Dunno. Gonna take a stab at it anyway. Because music like
what's on display with Kim Wilson's Smokin' Joint is music
that crosses genre and taste barriers and screams for attention.
Released in mid-2001 on the M.C. Records label (www.mc-records.com)
out of Huntington Station, NY, the disc has garnered a Grammy
nomination for Best Traditional Blues Album and nods for several
other awards as well. You should already know Wilson as the
frontman and harp god for the Fabulous Thunderbirds, the band
with which he tore a hole through the Austin music scene back
in 1974. They're still going strong a quarter century later,
but here Wilson showcases his individual talents as the central
point of his first-ever full-blown solo live project. The players
are stellar and absolutely driven; the guitar work is some of
the finest blues picking you're going to hear anywhere. And
Kim's harp, good lord, it matches his meaty vocals chord for
chord from top to bottom. Waters was telling the truth.
The easy way out for me on this one would be to say that Smokin'
Joint is exactly that, but to do so seems a cliché
and I'll try to avoid it. Instead, what we'll do here is look
for a way to tell you that the intensity on this album is so
bold, so deep, so inherent in every note that your heart
rate won't know the difference between the ballads and the uptempo
barrages of sound that your eardrums swear are distinct and separate.
Perhaps "ballads" is the wrong word. My blues ignorance
may be showing there. But you know what I'm talking about, don't
you? Those almost Homeric odysseys through the depths of love's
despair that a true bluesman will make you feel in every fiber
your feeble body possesses. Those songs where the sound comes
in through your ears and storms out through the big gaping hole
in your soul. Where a growling bass and a single harp spawn
a wall of wrenching sound that the Metallicas of the world can't
equal with all their sound and fury. Those songs litter this
disc like land mines.
But all great blues must also find a way to exult in the pain,
exonerate the struggle, shout at The Man that real humanity is
still stronger and better and here for the long damned haul.
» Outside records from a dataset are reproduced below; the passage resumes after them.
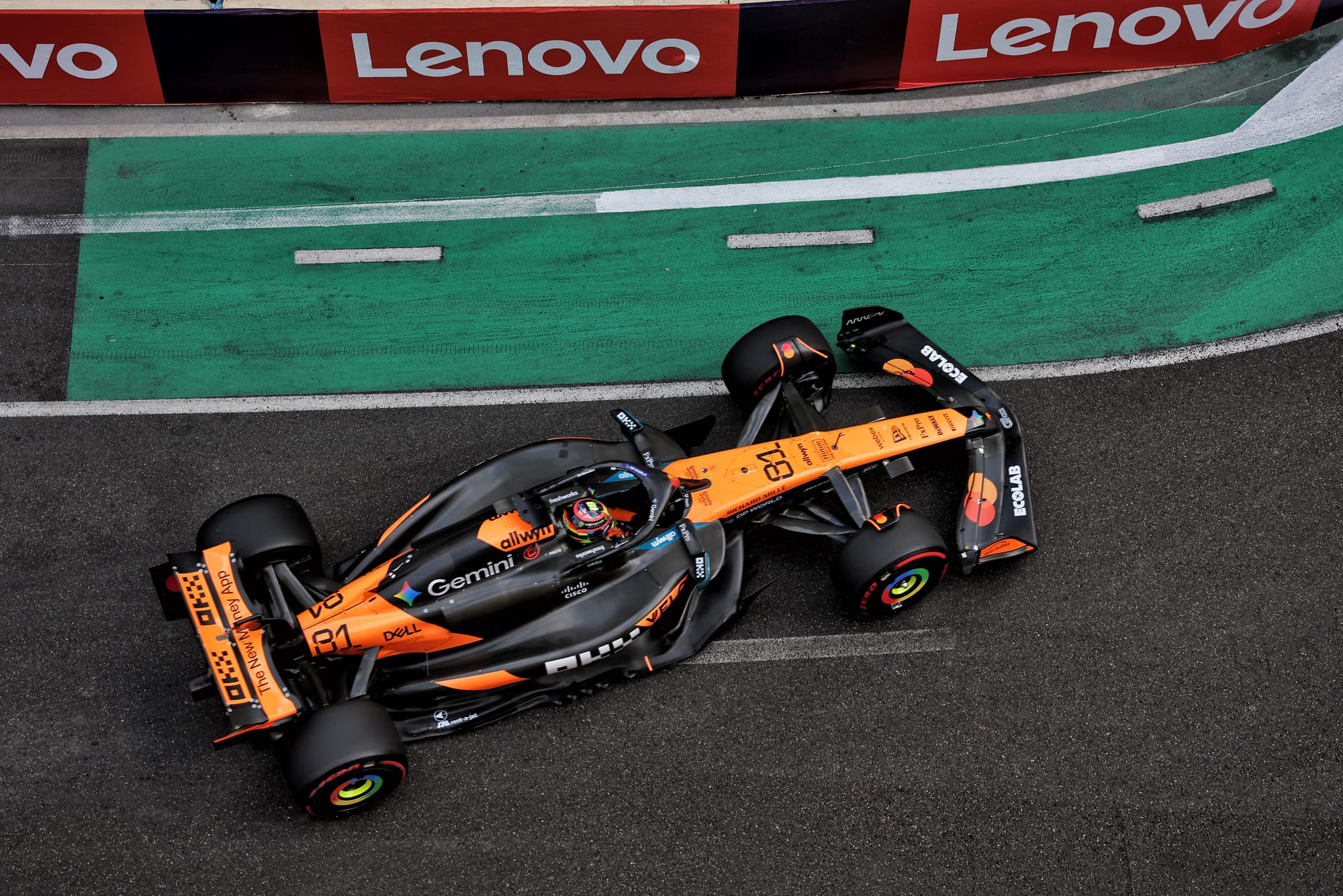 Mark Hughes : Pourquoi Verstappen a brillé et ses rivaux ont flanché dans le chaos de Bakou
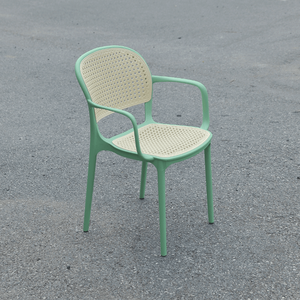 Chaise en plastique moulé imitation rotin haut de gamme avec accoudoirs, disponible en plusieurs couleurs - Product Image 4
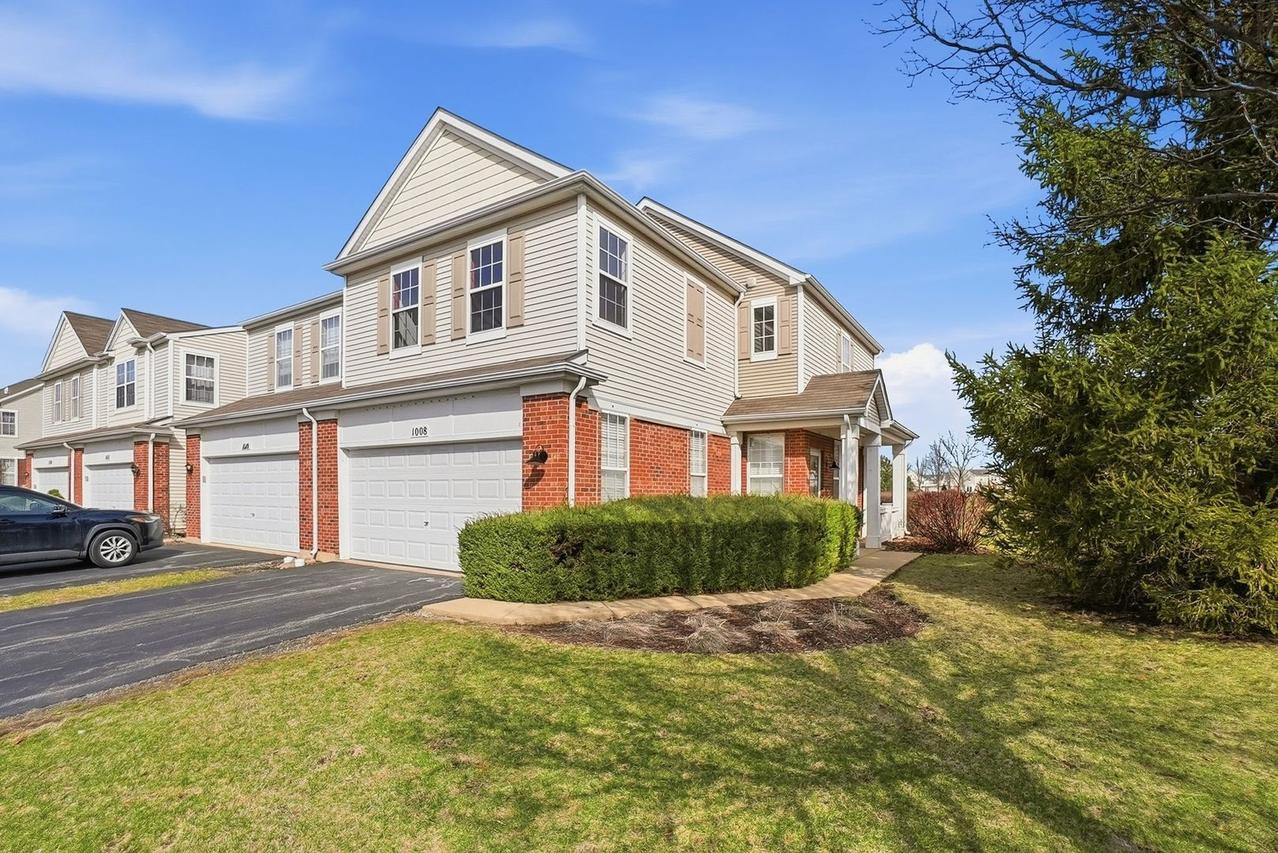 1008 Heron Cir. #1, Joliet, IL 60431
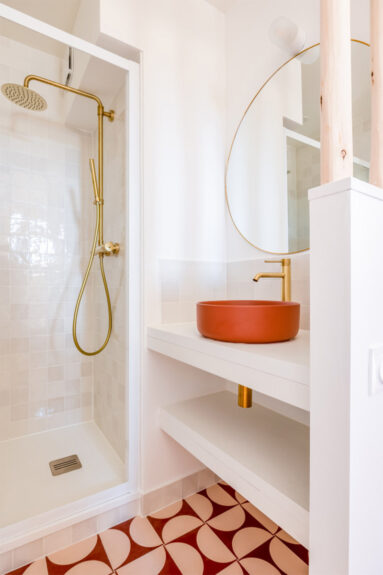 Une salle d'eau blanche avec des accents terracotta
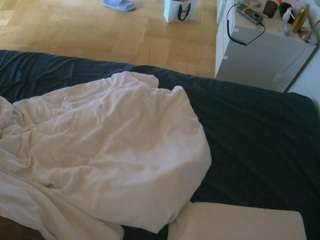 voyeurcam-julmodels-greybed-2 webcam model stream image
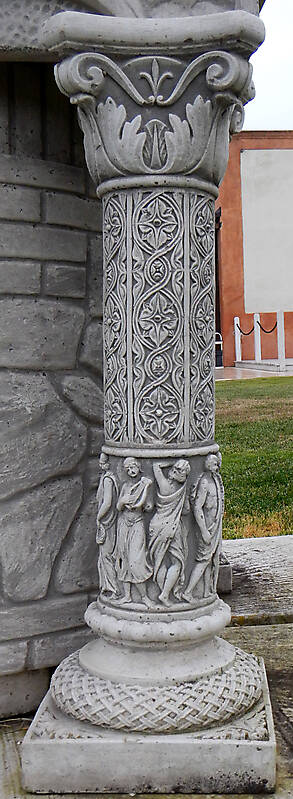 decorated pillar 5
And Kim lays out those songs here like a master artist, painting
a picture of life both hardscrabble and profound. When the guitars
start wailing, it's over. Don't bother analyzing it or comparing
it; just ride the wave of cathartic emotion coming out of those
axes and get lost in the vocals rising above the mix to point
the way.
Kim Wilson's career is already legendary; the Thunderbirds
took care of that. Now as he branches out and expands his monstrous
range, he seems to be on a quest to reinvent the term "virtuoso."
Surprisingly, and deeply rewardingly, he seems to be succeeding.
If you don't know the blues, take it from me, this is one hell
of a great place to start taking lessons. If you do know the
blues, you'll find layers and textures and rhythms here that
will keep Smokin' Joint right there at the top of your
collection's most-played list. And if you just love the music
period, this is one CD you must have.